Brief descriptive captions:
######

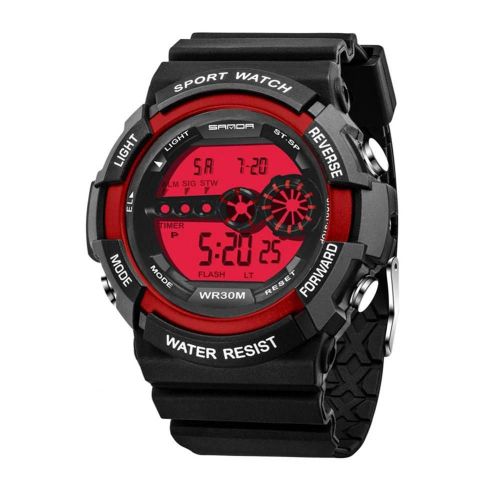 Sanda Adolescent Hommes Montre De Sport Veilleuse Étanche Calendrier Montre-Bracelet Numérique (Noir + Rouge)
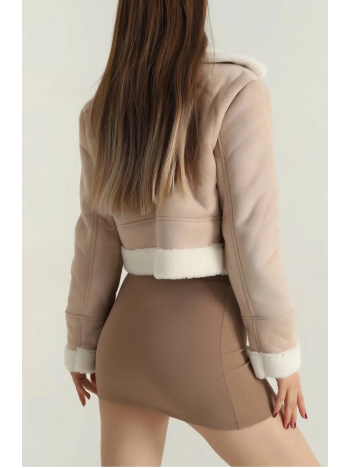 İçi kürklü dışı süet kısa kaban bej t1186 İçi kürklü dışı süet kısa kaban bej t1186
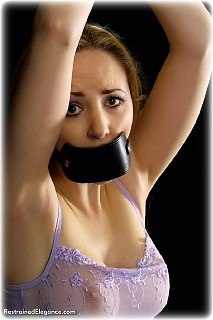 Bondage photo pic picture Chanta Rose rope bondage, lingerie, stockings, cock gag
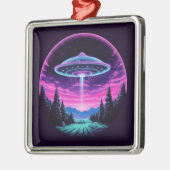 Alien Spaceship Retro Futuristic Ornament Aus Metall (Links)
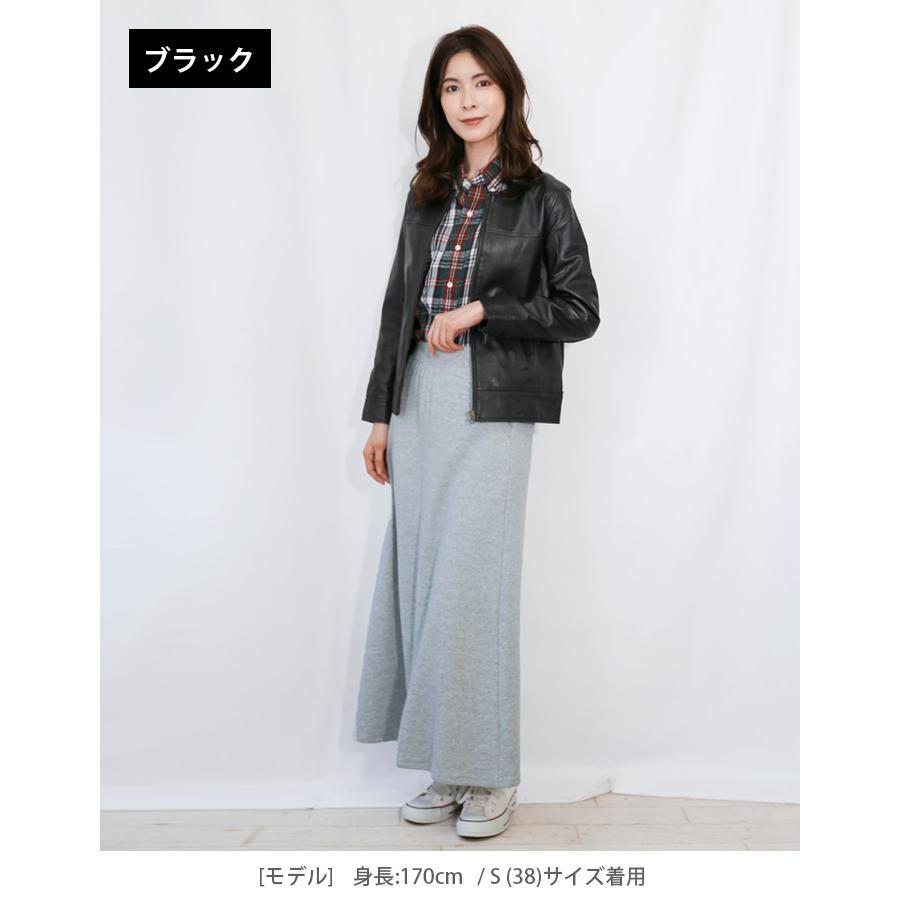 レザージャケット ノーカラー ノーカラージャケット 革ジャン レディース 本革 ラムレザー XS-4XLサイズ L1048 |  | 15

######

> EXERCISE DESCRIPTION
The answer must be the lines above, word for word, from the first one through the line with "Alien Spaceship Retro", pictures excluded.

> YOUR RESPONSE
 Sanda Adolescent Hommes Montre De Sport Veilleuse Étanche Calendrier Montre-Bracelet Numérique (Noir + Rouge)
 İçi kürklü dışı süet kısa kaban bej t1186 İçi kürklü dışı süet kısa kaban bej t1186
 Bondage photo pic picture Chanta Rose rope bondage, lingerie, stockings, cock gag
 Alien Spaceship Retro Futuristic Ornament Aus Metall (Links)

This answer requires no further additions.